# Does anyone know what this is called?



## PPVallhunds (Jul 26, 2010)

ok I was watching a drawing tutorial and the lady was using this thing to make sure she scaled the photo up properly. I think its used in architecture its like a stretched cross and each end has a point on it and a thing in the middle to adjust how far apart the points are from each other so say if you had it set to double the scale the one side the points would be say 5cm and on the other they would be 10cm


----------



## Oakelm (Oct 17, 2009)

Do you mean a pantograph? Thats the thing that pops to mind for scaling drawings up or down.


----------



## Oakelm (Oct 17, 2009)

But i could be overthinking it as you have said points you could be talking about a drafting compass for measuring and doubling or tripling distance on transfer.


----------



## PPVallhunds (Jul 26, 2010)

Nope not the first one from looking at google, it looks simmaler to the pics for drafting compass except think of two together so it makes a X shape.


----------



## PPVallhunds (Jul 26, 2010)

Just found it! A Scale Divider
http://i231.photobucket.com/albums/ee15 ... viders.jpg


----------



## Oakelm (Oct 17, 2009)

Lol that one completely slipped my mind and bizarre because I own one!!

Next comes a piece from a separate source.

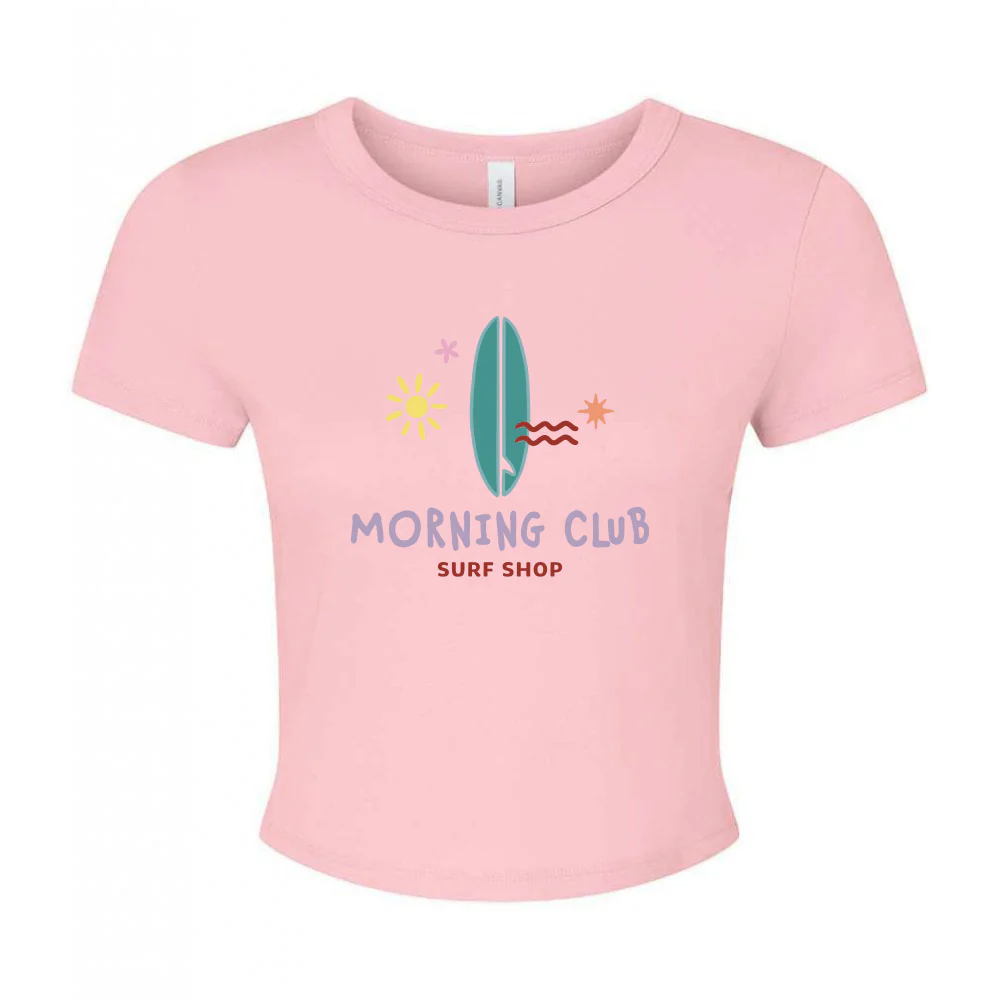 Surf Shop Embroidered Micro Rib Baby Tee - Image 14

But yeah a handy gizmo for getting dimensions right.


----------



## PPVallhunds (Jul 26, 2010)

isn't it allways they way, the last one you think of. I put in scale compass drawing and I pic of one came up. I want to start drawing and try to get better but often in my attempts I end up with a dog with a too long nose or one eye bidder than the other lol


----------